XML, Squeak, and speed

Fri May 11 03:57:29 UTC 2001

As an exercise in really getting into Squeak, designing my own document
object model (it's hard not to be better than JDOM, let alone DOM) has
been really successful.  I've been strongly motivated to learn lots more
about Squeak, and the more I learn about using the IDE the better I like it.  

I was really REALLY pleased that my non-validating XML parser came to only
274 SLOC of Smalltalk.  (Well, not _that_ pleased, because looking at it,
I can see that it obviously should be shorter.  It's a learning exercise.)

This is not the first XML parser I have written.  It's the second.
My first was a little under a thousand SLOC of C, and is faster than expat.
I want to make that point in order to establish that I know how to make a
non-validating XML parser go screamingly fast.  The parser in Smalltalk has
a very similar structure, but makes much more use of methods, and of course
uses Streams for reading.

As a test case, I took the 'shakespeare.xml' file that comes with the
XMill compressor.  It's actually Antony and Cleopatra.

I really LIKE being able to type in
    d := OxusParser parseFile:
        '/quasar/ustaff/ok/xmill.d/examples/shakespeare.xml'.
    ((d descendants: #SPEAKER)
        collect: [:e | e text asUppercase]) sort grouped
and get output like
    ('AGRIPPA'->29 'ALEXAS'->15 'ALL'->9 'ATTENDANT'->2 'ATTENDANTS'->1
     'CANIDIUS'->10 'CAPTAIN'->1 'CHARMIAN'->63 'CLEOPATRA'->204 'CLOWN'->8
     'DEMETRIUS'->2 'DERCETAS'->5 'DIOMEDES'->7 'DOLABELLA'->23
     'DOMITIUS ENOBARBUS'->113 'EGYPTIAN'->2 'EROS'->27 'EUPHRONIUS'->5
     'FIRST ATTENDANT'->3 'FIRST GUARD'->11 'FIRST SERVANT'->4
     'FIRST SOLDIER'->14 'FOURTH SOLDIER'->3 'GALLUS'->1 'GUARD'->2
     'IRAS'->18 'LEPIDUS'->32 'MARDIAN'->7 'MARK ANTONY'->204 'MECAENAS'->16
     'MENAS'->35 'MENECRATES'->2 'MESSENGER'->42 'OCTAVIA'->13
     'OCTAVIUS CAESAR'->98 'PHILO'->2 'POMPEY'->41 'PROCULEIUS'->10
     'SCARUS'->12 'SECOND ATTENDANT'->1 'SECOND GUARD'->4
     'SECOND MESSENGER'->2 'SECOND SERVANT'->3 'SECOND SOLDIER'->11
     'SELEUCUS'->3 'SILIUS'->3 'SOLDIER'->13 'SOOTHSAYER'->14 'TAURUS'->1
     'THIRD GUARD'->1 'THIRD SOLDIER'->10 'THYREUS'->12 'VARRIUS'->1
     'VENTIDIUS'->4 )

I mean, who needs a query language or XPath when you've got Smalltalk?
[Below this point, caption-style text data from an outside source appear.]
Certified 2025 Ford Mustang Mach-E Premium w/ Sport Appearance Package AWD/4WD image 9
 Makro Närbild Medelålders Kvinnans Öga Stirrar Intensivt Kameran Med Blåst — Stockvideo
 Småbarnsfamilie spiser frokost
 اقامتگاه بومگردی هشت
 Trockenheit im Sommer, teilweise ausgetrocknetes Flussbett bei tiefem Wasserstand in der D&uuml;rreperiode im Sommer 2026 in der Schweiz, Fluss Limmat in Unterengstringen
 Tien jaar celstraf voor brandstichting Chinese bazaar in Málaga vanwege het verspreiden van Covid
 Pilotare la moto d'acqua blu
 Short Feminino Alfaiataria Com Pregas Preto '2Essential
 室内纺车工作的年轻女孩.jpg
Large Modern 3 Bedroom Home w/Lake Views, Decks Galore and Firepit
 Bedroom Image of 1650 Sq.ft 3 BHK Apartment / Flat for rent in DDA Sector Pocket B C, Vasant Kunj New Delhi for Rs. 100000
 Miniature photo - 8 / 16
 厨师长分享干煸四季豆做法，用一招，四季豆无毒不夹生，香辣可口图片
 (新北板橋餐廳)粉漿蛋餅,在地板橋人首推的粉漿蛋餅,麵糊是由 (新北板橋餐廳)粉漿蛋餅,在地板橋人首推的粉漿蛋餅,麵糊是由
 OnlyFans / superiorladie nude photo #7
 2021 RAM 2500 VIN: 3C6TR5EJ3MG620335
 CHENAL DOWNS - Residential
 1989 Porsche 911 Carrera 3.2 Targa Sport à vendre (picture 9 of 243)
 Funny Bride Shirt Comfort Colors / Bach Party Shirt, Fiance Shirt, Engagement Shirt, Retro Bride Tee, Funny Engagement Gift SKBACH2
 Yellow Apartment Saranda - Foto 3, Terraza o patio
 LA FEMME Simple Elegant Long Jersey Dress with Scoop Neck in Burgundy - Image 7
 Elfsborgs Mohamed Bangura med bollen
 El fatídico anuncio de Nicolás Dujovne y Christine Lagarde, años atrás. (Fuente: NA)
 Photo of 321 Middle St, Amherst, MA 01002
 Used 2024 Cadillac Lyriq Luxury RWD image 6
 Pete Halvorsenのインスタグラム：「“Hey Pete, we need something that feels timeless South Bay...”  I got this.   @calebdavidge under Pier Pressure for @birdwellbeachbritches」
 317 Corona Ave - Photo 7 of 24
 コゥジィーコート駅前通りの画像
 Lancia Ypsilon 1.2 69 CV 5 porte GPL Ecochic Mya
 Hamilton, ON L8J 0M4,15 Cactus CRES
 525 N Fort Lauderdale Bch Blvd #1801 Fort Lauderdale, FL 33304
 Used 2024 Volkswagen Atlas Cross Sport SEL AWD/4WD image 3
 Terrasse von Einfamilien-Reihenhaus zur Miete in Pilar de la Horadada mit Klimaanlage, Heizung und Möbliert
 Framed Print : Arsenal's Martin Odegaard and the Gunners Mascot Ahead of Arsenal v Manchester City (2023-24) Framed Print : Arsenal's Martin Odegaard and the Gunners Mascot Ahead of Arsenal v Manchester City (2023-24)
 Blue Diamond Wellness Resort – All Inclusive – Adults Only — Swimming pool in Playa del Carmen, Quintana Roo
However, I pay a price for this ease of manipulation.
The parsers that can validate in this test didn't, because the file
does not contain a doctype.  For the C parsers, I made a new file
containing N copies, and divided the actual time by N.  (N=50 for
my parser, N=20 for the others.)  The C parsers all wrote ESIS output,
directed to /dev/null.

Time	Parser
18.9 s	my XML parser in Squeak 2.7, can't validate, does build tree
 1.55s  nsgmls from SP 1.3, can validate, does it build a tree?
 0.90s  Jan Wielemaker's XML parser, can validate, does build tree
 0.24s  my XML parser in C, can't validate, can build tree but didn't.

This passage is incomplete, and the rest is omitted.